ENTRIES PROVIDED ::
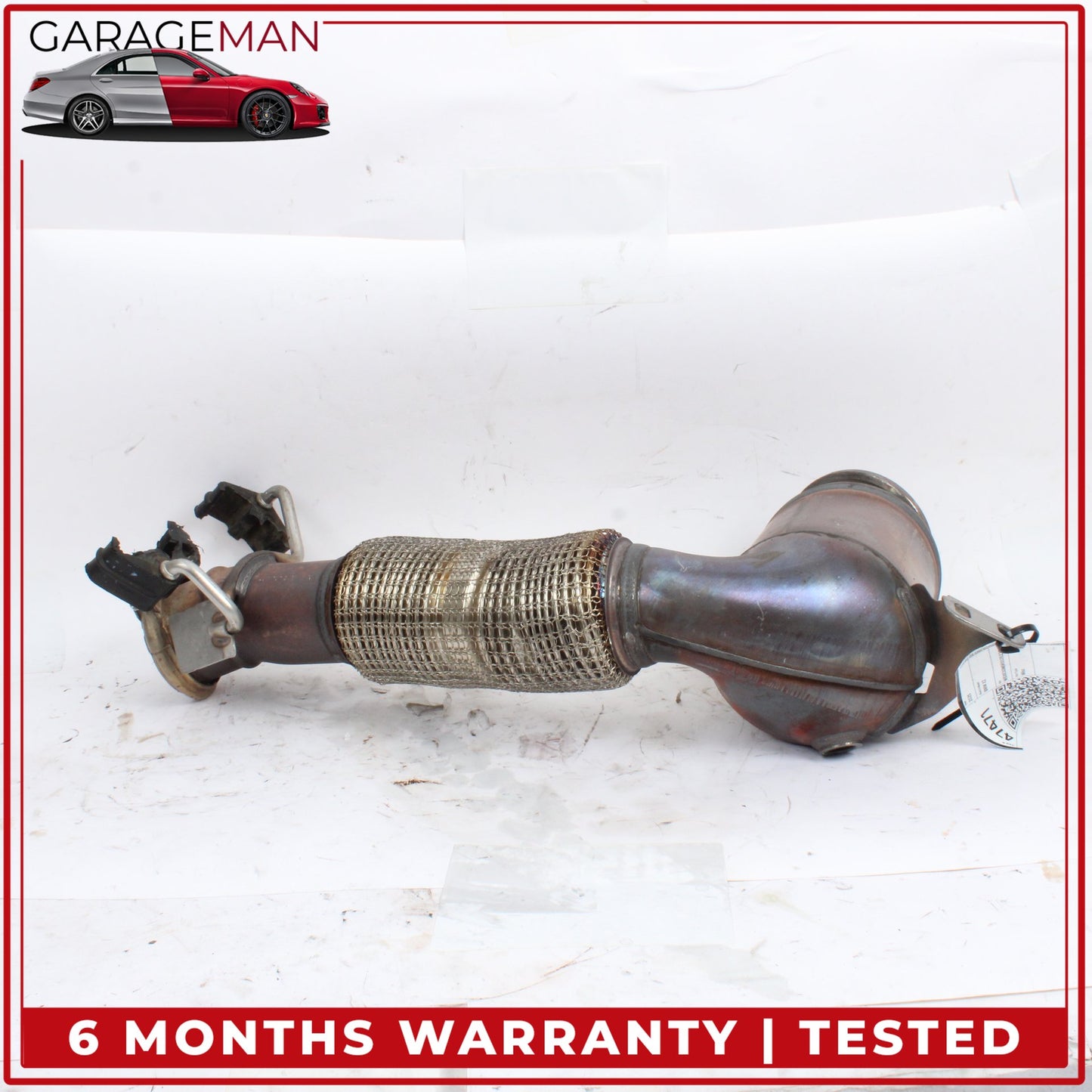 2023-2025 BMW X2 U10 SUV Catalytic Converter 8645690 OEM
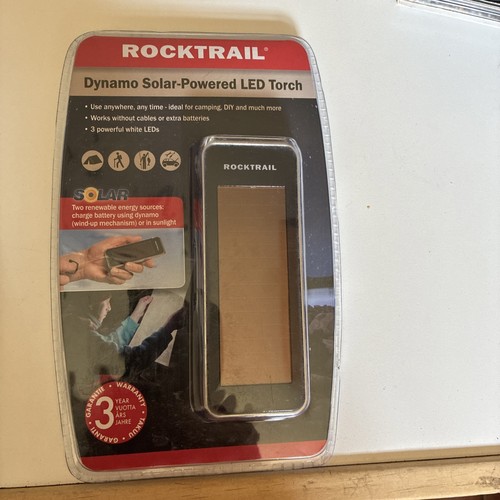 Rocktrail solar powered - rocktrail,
* * *
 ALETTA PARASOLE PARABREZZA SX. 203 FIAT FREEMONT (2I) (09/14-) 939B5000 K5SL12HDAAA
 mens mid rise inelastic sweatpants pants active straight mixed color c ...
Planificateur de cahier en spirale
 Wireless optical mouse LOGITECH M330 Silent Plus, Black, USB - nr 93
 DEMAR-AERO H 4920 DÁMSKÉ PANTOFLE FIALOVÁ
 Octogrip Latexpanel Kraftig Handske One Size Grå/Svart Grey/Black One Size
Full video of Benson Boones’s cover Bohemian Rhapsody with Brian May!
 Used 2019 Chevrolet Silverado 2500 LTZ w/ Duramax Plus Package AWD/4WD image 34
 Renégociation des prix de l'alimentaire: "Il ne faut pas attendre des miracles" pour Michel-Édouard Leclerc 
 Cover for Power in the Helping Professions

WHAT YOU WILL DO :: Print again the lines of the entries above that fall between the line holding "ALETTA PARASOLE PARABREZZA" and the line holding "Cover for Power in the Helping Professions", inclusive, exactly as they stand.

ANSWER SECTION ::
 ALETTA PARASOLE PARABREZZA SX. 203 FIAT FREEMONT (2I) (09/14-) 939B5000 K5SL12HDAAA
 mens mid rise inelastic sweatpants pants active straight mixed color c ...
Planificateur de cahier en spirale
 Wireless optical mouse LOGITECH M330 Silent Plus, Black, USB - nr 93
 DEMAR-AERO H 4920 DÁMSKÉ PANTOFLE FIALOVÁ
 Octogrip Latexpanel Kraftig Handske One Size Grå/Svart Grey/Black One Size
Full video of Benson Boones’s cover Bohemian Rhapsody with Brian May!
 Used 2019 Chevrolet Silverado 2500 LTZ w/ Duramax Plus Package AWD/4WD image 34
 Renégociation des prix de l'alimentaire: "Il ne faut pas attendre des miracles" pour Michel-Édouard Leclerc 
 Cover for Power in the Helping Professions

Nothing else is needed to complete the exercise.